VALSHE:ミュージックビデオは自分が考えた起承転結の物語の真ん中、“承”と“転”だけをくりぬいているんです。“起”と“結”に関しては今後わかっていくと思います。後からもう一度見ていただくと、映像の中に出てくる子供たちが何をしているのかわかった状態で楽しんでもらえると思います。VALSHEが持っている天秤の動きであったりも。


──ミュージックビデオShort ver.だと子供たちが禁じられた場所の中に入ってしまい、VALSHEさんが天秤に石を乗せている場面が映し出される。

VALSHE:いつも「あなたの解釈にお任せします」と言っていたのですが、今回は種明かしをライブツアーや今後出てくる作品で見せたいと思ってるんです。ミュージックビデオもヒントのひとつです。

──なるほど。いつの時代なんだろうというのも気になります。

VALSHE:時代設定的には未来です。1曲目の「エビングハウスの忘却曲」に出てくる語りにもヒントになるワードがたくさん散りばめられているんです。“3116年”という言葉が出てくるのですが、後になって「あの数字はこういうことだったのか」とか「あの言葉はこういう意味なんだ」ってわかると思います。でも、さっきお話したように物語のことを考えなくても、単純にカッコいいインストゥルメンタルとしても楽しんでいただけるんじゃないかと。

──確かに。やっぱりVALSHEさんの作品は凝っていますね。

VALSHE:ふふふ(微笑)。

──コンセプトを考えなくても聴けるものにしたかったということですが、個人的にはこのアルバムって聴き進めると曲がどんどん明るくなっていって、自分で決めて自分の生きたいように生きればいいんじゃない?というメッセージが浮かび上がってくる気がしたんです。

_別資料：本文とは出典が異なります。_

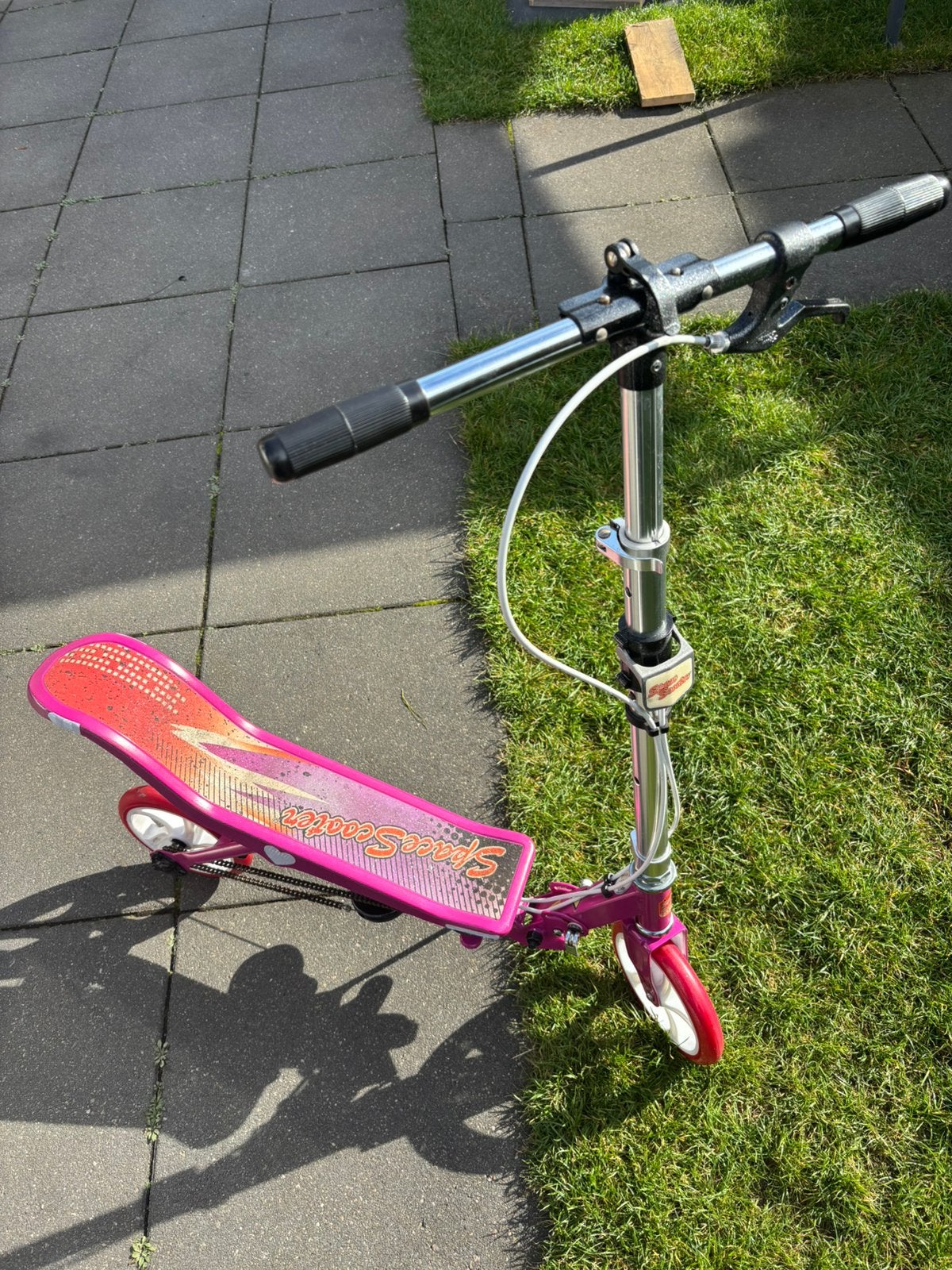 Gereviseerde Space Scooter X580 step roze met glitter, Ophalen of Verzenden, Zo goed als nieuw, Overige typen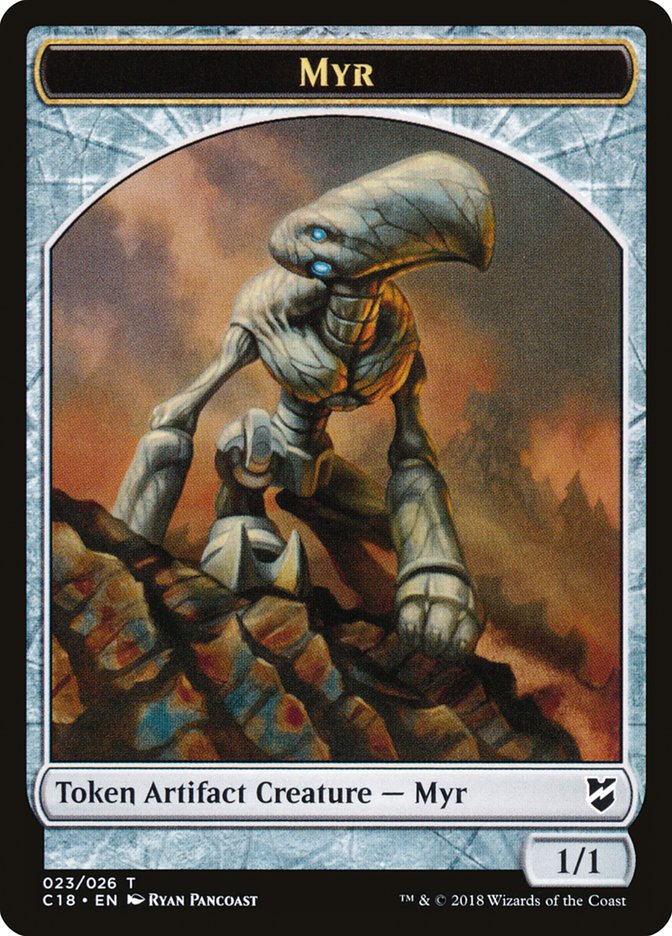 Myr Token (023/026) [Commander 2018 Tokens] | Game Grid - Logan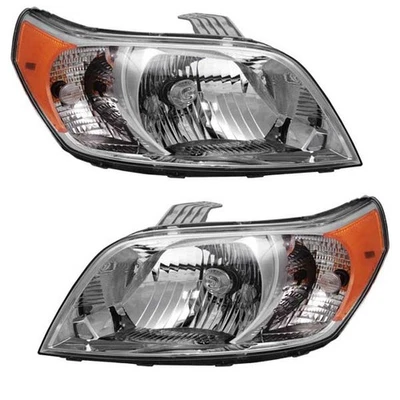 For 10-11 Aveo5 Front Halogen Headlight Headlamp Head Light Lamp w/Bulb PAIR SET — 第 1/4 张图片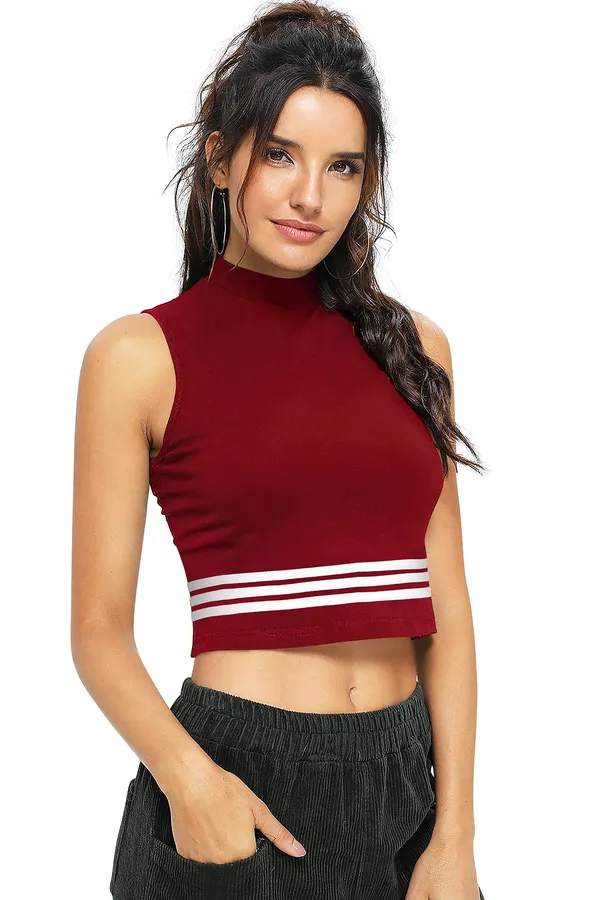 Maroon_Polyester_Knitting_Tops_for_Women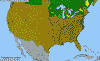 National distribution map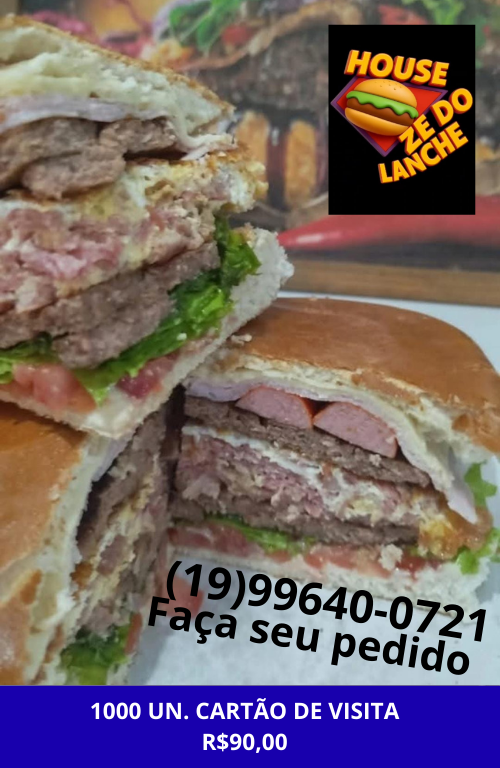 HOUSE ZÉ DO LANCHE 4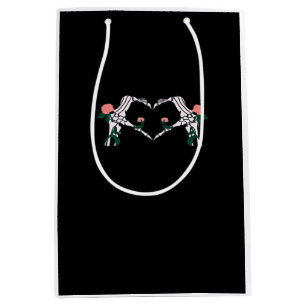 Sac Cadeau Moyen Jamais Wilts - Squelette Mains Roses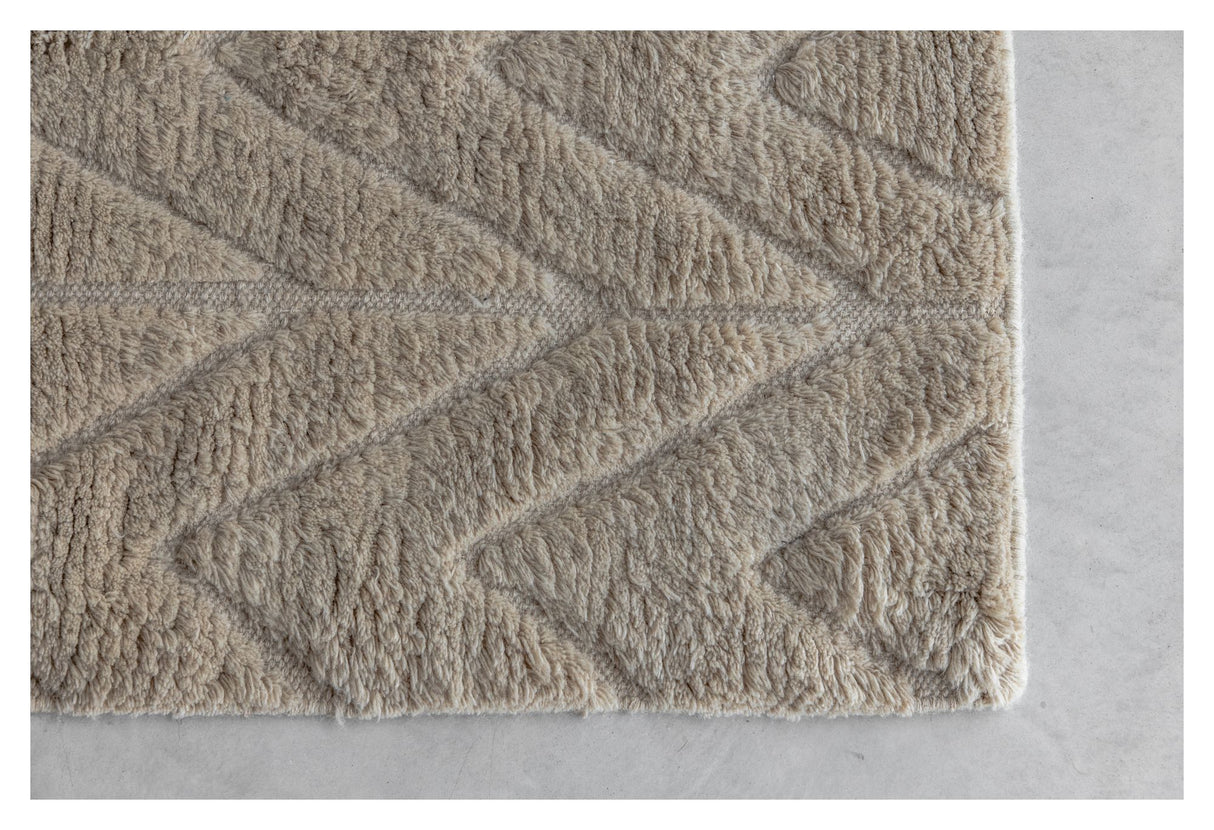 Zoe uldmix tæppe, 160x230, Beige - Unoliving.com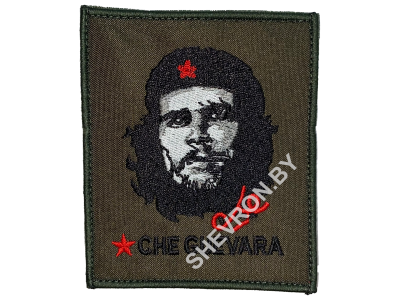 Шеврон Че Гевара коричневый прямоугольный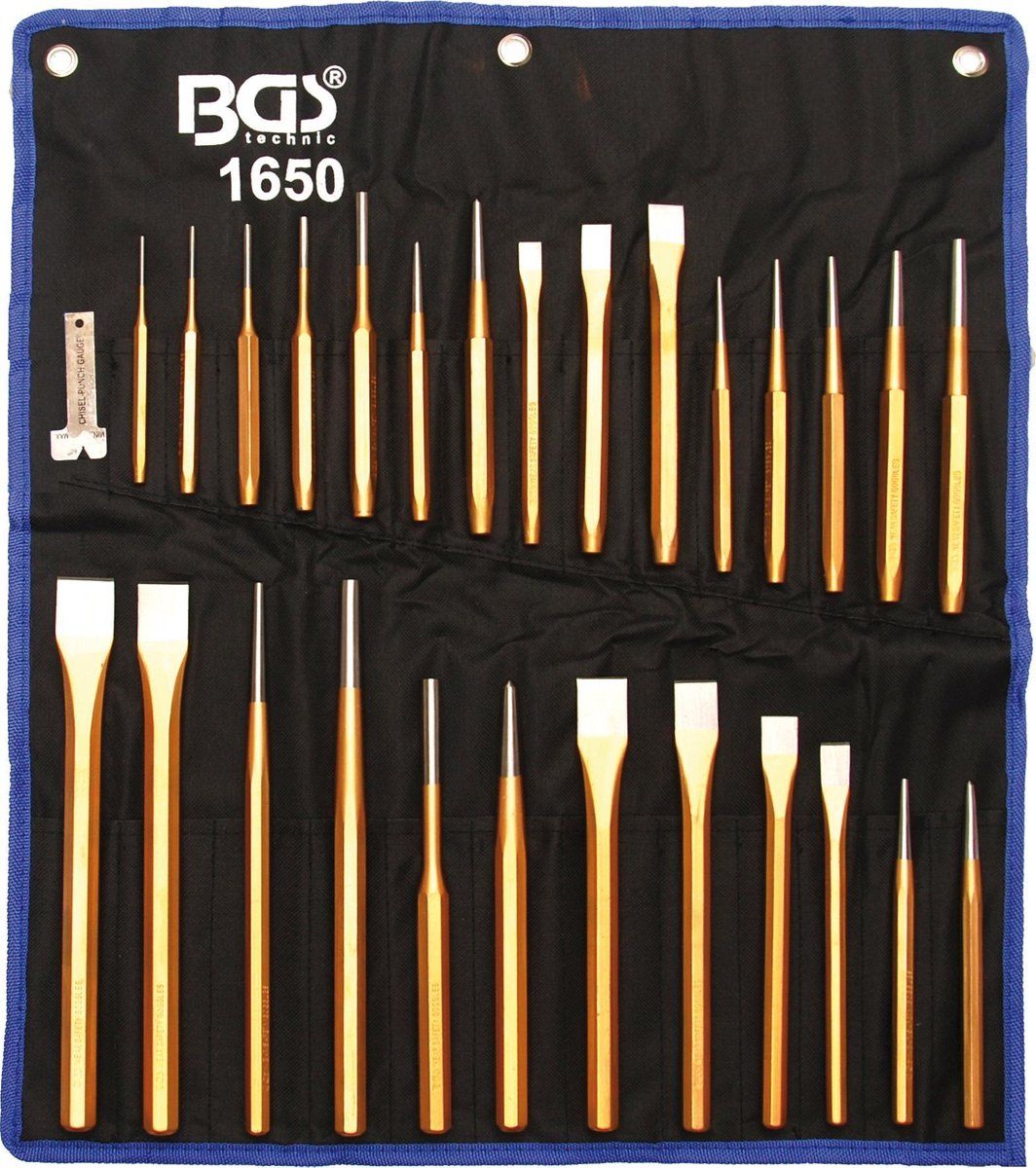 Bgs Beitel - doorslag en drevel set - Extra groot - XXL - BGS1650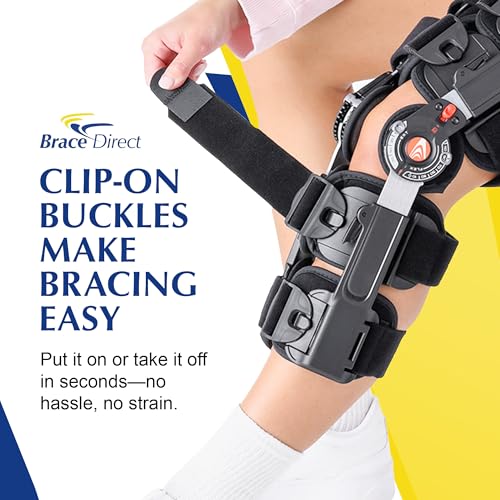 Post-Op Knee Brace with Adjustable ROM Hinge - Thigh Up to 30.5 Inches - Brace Only / Regular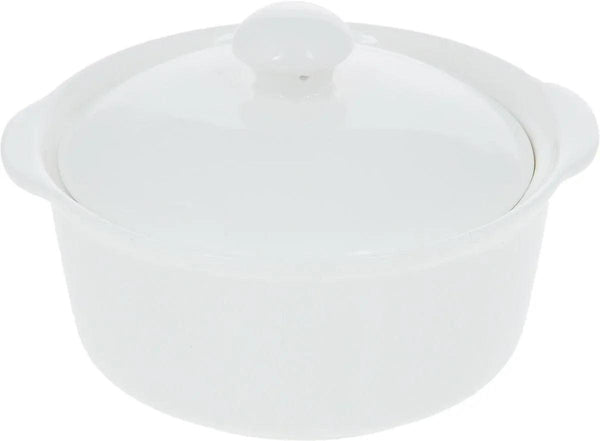 White Soup Cup With Lid 4.5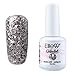 Elite99 Soak-Off UV LED Gel Polish Nail Art Manicure Lacquer Glitter Deep Magenta 357 15ml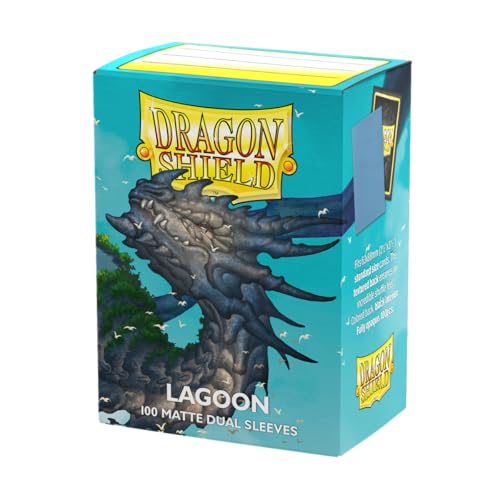 Dragon Shield Matte Dual Card Sleeves – Lagoon – 100 CT – Smooth & Opaque TCG Sleeves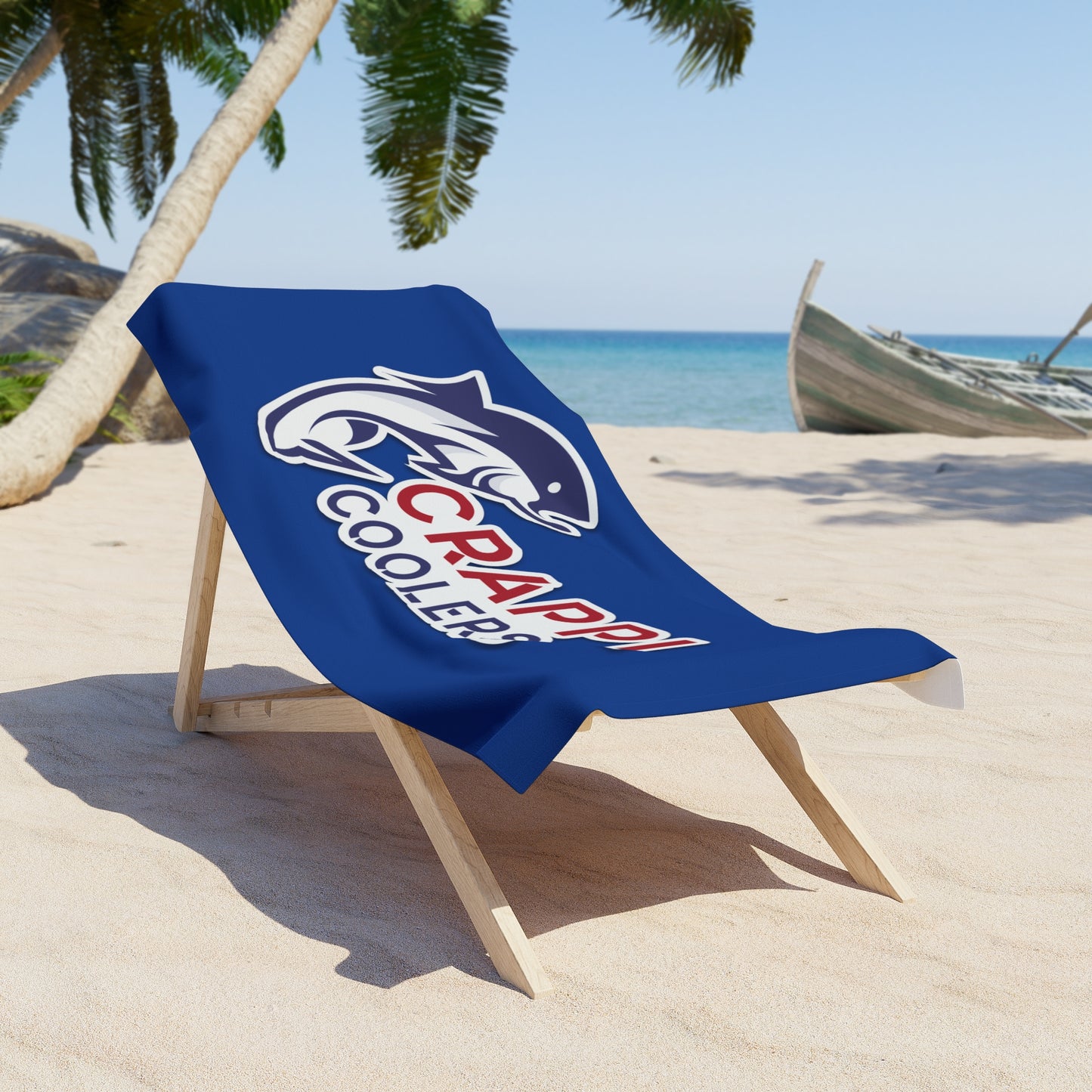 Crappi Coolers Beach Towel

VALSHE:おっしゃる通り。物語を抜きにした自分の気持ち、発したいメッセージは1曲1曲に込めています。今までと違うのは自分のリミッターを外したところなんですね。例えば「ガランド」のようなピアノ1本で歌い上げる曲は今までやってこなかったし、「ツリーダイアグラム」は過去最も高いキーを使って歌っているんです。これまではその2音下がセーフラインだと自分で決めて曲を作っていたんですけど、枠組みをとっぱらったことが制作過程の中にたくさんあったんです。もともと友人だったdorikoさんに歌詞を2曲書いてもらったのもそのひとつ。彼の詞はもともと好きだったんですが、今までなら全曲自分で書いていたと思うんです。今回は誰かに託してどうなるかわからないことを楽しむというか。

──これまでの方法論を壊したアルバムでもあるんですね。

VALSHE:そうですね。この表現が合っているかわからないですけど、いろいろなものを許したという感じです。壊したり、新しいものを受け入れることが良い結果を生むかもしれないと思える=余裕が生まれたんだと思います。

──ジャンル的にもヴァリエーションに富んでいて、ビッグバンド風の「Chain Smoke」もあるし、ヒップホップテイストの「Show Me What You Got」にも驚きました。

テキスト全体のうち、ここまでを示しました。